Work instructions >> Copy nothing before the line that contains "Who Wants To"; from there, transcribe each line exactly through the end of the material, omitting pictures.

Dataset extract >>
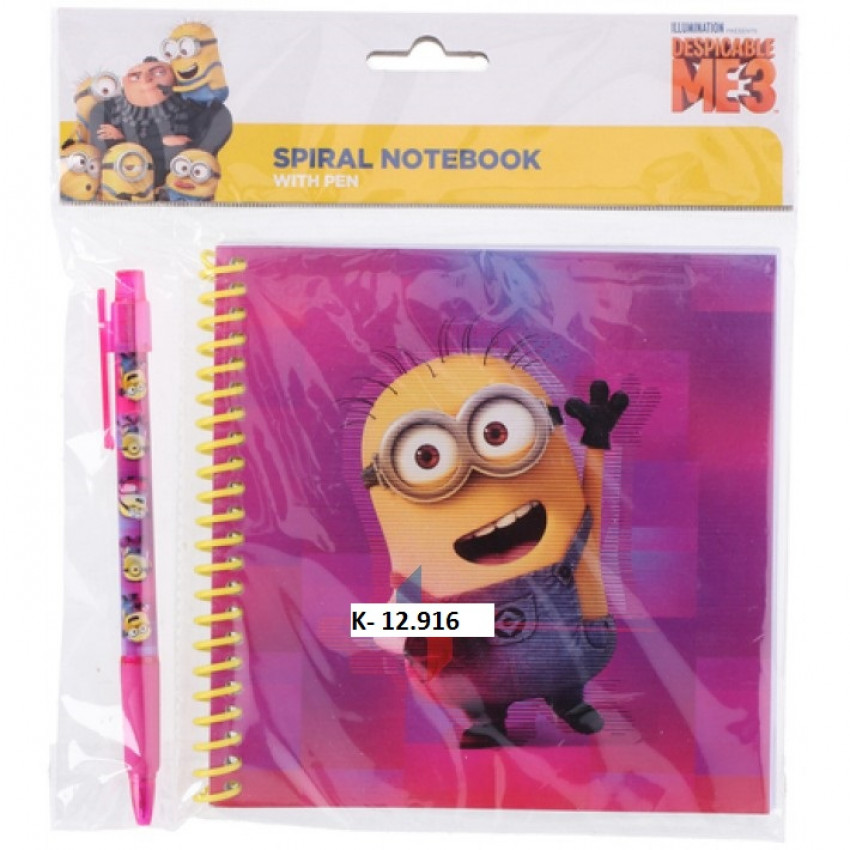 Blok špirála s perom Minions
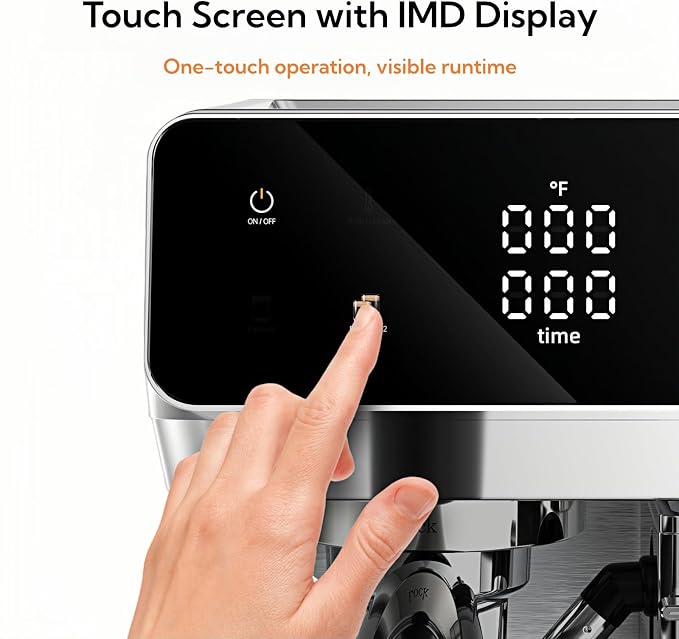 MAttinata Cappuccino Machine, Espresso Machine with Automatic Milk Frother | CM1833L Coffee Maker, IMD Touch Screen, 20 Bar Italian Pump, Dual Boiler, Compact Latte Machine for Home, Stainless Steel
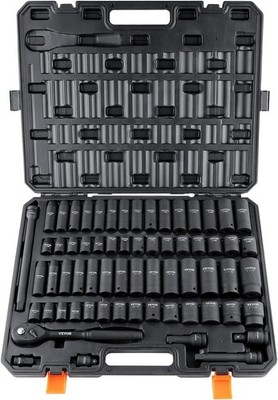1/2'' Drive Impact Socket Set, 65 Piece SAE 3/8'' to 1-1/4'' and Metric 10-24mm, 6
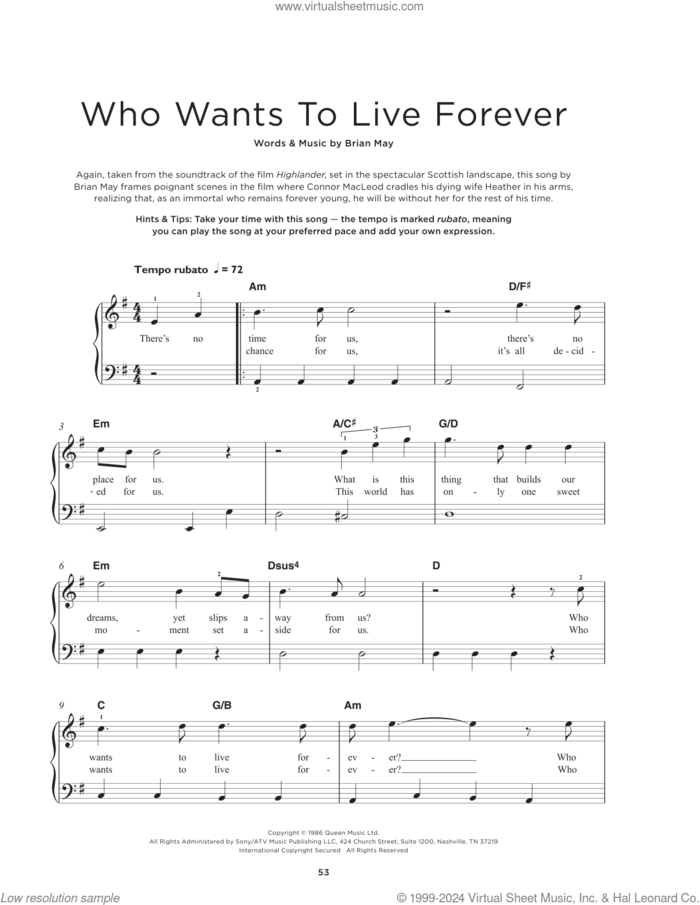 Who Wants To Live Forever, (beginner) sheet music for piano solo by Queen and Brian May, beginner skill level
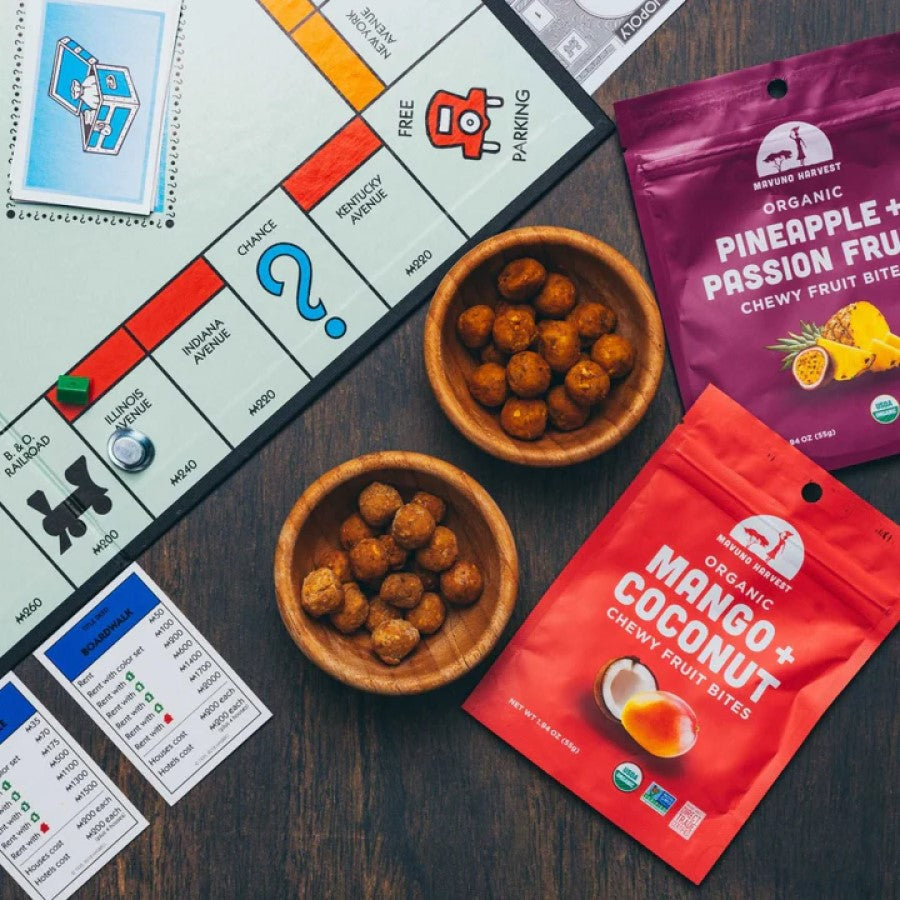 Healthy Game Night Snacks Organic Fruit Monopoly Game And Mavuno Harvest Tropical Fruit Bites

Response to the task >>
 Who Wants To Live Forever, (beginner) sheet music for piano solo by Queen and Brian May, beginner skill level
 Healthy Game Night Snacks Organic Fruit Monopoly Game And Mavuno Harvest Tropical Fruit Bites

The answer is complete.